Mieux encore : Pfaff met justement en évidence combien John Kerry se trompe, combien il est, par exemple par rapport à Johnson qui savait à quoi s’en tenir à propos du Viet-nâm, complètement dans l’illusion à propos de l’Irak.
« Johnson (…) told his press secretary, Bill Moyers: 'I feel like a hitchhiker caught in a hailstorm on a Texas highway. I can't run. I can't hide. And I can't make it stop.'
» The murdered Kennedy's foreign policy advisers told him that if he didn't press on with the war, 'Asian communism' would conquer one non-Western state after another - dominos tumbling. So did practically everyone else in the Washington policy community. It was one of those things 'everybody knew'.
» Johnson was a populist economic and racial-justice reformer. He knew nothing of south-east Asia. He knew that if he prosecuted the war, he 'would lose everything at home'. If he did not, he 'would be seen as a coward and my nation would be seen as an appeaser, and we would both find it impossible to accomplish anything for anybody anywhere'. Kerry expresses no such doubts. He apparently accepts what 'everyone knows' in Washington today, as in London, that 'failure in Iraq is not an option'.

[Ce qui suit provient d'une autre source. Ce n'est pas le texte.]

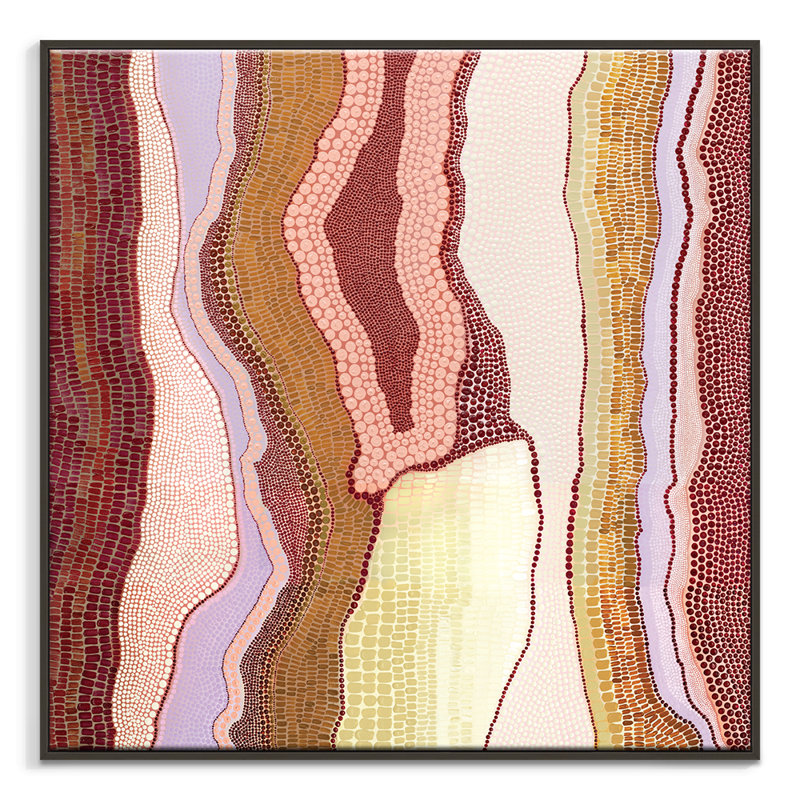 Birarr 2 - Land Desert | Kamilya Lowana White | by Ivy Bronx, Black Floater Framed, 108.5cm H x 108.5cm W x 8cm D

» This is true. Failure is no longer an option because it has already been assured by choices already made by the Bush administration. The questions that remain are failure's timing and the gravity of its consequences. »

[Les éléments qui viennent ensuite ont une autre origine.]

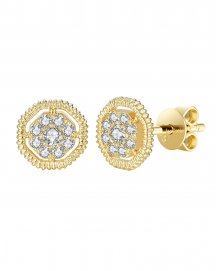 OCTAGON STYLE DIAMOND STUDS (TE1043)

La similitude des états d’esprit, des erreurs en cours, des distorsions des psychologies, du refus de l’expérience des faits, du conformisme dévastateur, est particulièrement bien mise en évidence. On notera simplement, mais ce n’est certes pas rien, que la situation est aujourd’hui bien plus grave pour les Etats-Unis, et que l’échec probable de Kerry, s’il est élu, à désengager l’Amérique de l’Irak réserve à son pays des épreuves difficiles.

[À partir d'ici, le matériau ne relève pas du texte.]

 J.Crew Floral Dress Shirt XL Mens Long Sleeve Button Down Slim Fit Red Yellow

La vision d’historien que nous montre Pfaff est bien en ce qu’il comprend parfaitement où se situe la seule porte de sortie pour l’Amérique aujourd’hui. Il la synthétise avec l’analogie qui importe, avec le personnage qui s’impose comme référence : le Français Charles de Gaulle. Alors que le Pentagone a fait des gorges chaudes du « modèle algérien » pour se donner une référence dans sa guerre irakienne contre l’insurrection, - et pour quels résultats ! – Pfaff propose le « modèle algérien » de la seule façon qui importe et qui vaille, qui est « l’option de Gaulle ».
« Nixon, however, had possessed an option in 1969 that he lacked the courage to choose. He had always said he admired Charles de Gaulle. De Gaulle, when returned to power in 1958, at a moment of extreme crisis in France's war to defeat Algerian insurgents and to keep Algeria French, recognised that the war was futile, even if the insurrection itself might temporarily be defeated.
» He cut France's losses. Defying military mutiny, despite significant resistance from French public opinion, and facing assassination attempts and a terrorist campaign directed against him and his government, de Gaulle negotiated Algerian independence. It was an act of cold-blooded courage and realism.
» It did not leave France revealed as 'a pitiful, helpless giant', as Nixon said would be the case if the United States left Vietnam. It strengthened France, freeing it to deal with the real issues of political and economic reform. If John Kerry is elected President, he will have the de Gaulle option. He will have a window lasting a few months during which he could reverse US policy and expect, provisionally, to carry public opinion with him. »
William Pfaff donne là une leçon classique de grand historien, appuyée sur le réalisme, la raison, le sens de la mesure, l’appréciation à long terme et le goût des équilibres dans les relations internationales ; il donne une leçon d’humanisme, et non d’humanitarisme à-la-Kouchner, l’homme postmoderne qui soutient la guerre puis s’offusque, comme un époux trompé qui surprend l’objet du délit à deux, que les balles tuent et que le feu brûle. Bien entendu, Pfaff n’a aucune chance d’être entendu puisqu’il est bien entendu qu’on ne l’écoute pas. Ces temps sont aveugles et sourds. Il ne reste plus à l’honnête homme qu’à prendre date pour quelque part dans un avenir dont nul ne sait rien.